He turned a flank steak into bacon, made Bearnaise sauce with no sauce, and cured an egg yolk into cheese. The amount of technique and inspiration that go into his dishes is on a whole other level
@@chody5840 Exactly and the best thing about him is that he is not like most other 'fine-dining' chef that emphasize too much on presentation and over complicate things.
Sorry just 1 point, did the chef sear the steak or not, he said that he cold smoke it then a quick sear, but I just wander it is the sear from the smoke or pan?

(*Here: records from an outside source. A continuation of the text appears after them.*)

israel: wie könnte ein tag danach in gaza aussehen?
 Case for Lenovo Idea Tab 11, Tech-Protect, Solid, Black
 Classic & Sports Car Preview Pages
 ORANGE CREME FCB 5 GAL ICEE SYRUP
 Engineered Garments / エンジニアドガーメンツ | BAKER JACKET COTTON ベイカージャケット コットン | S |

I'd drink Pinot all day everyday if I could but wondering why a Syrah wasn't chosen for this dish. Smoke, pepper and meat? Sounds like the perfect pairing with a cool climate Syrah like the Burrowing Owl Syrah or something from Hermitage or st Joseph. Or north island Syrah. Or Cot.
Hand cut tartare is far superior to ground. Cool techniques though. 2 days for the cure seems fast, I usually do 12-14 days. I'll have to try that out.
This host is so much better than their other one Jeremy-who tries way to hard on videos and says things where he really doesn't know what he's talking about and it's painfully obvious! You don't need to have a chefs knowledge to host but no one likes a poser
i initially gave a + to this which i then changed to a - the reason being that the video gives neither ingredients' types/brands (coffee but what type of coffee?) nor quantities; nice to watch but not safe to try unless you want to try 100 times before you get it right
Look to the right, there's a couple video's from Indulgence that start with "How to". This is not one of those. You don't go to an exhibition event and demand to know how things were done, it wasn't the purpose.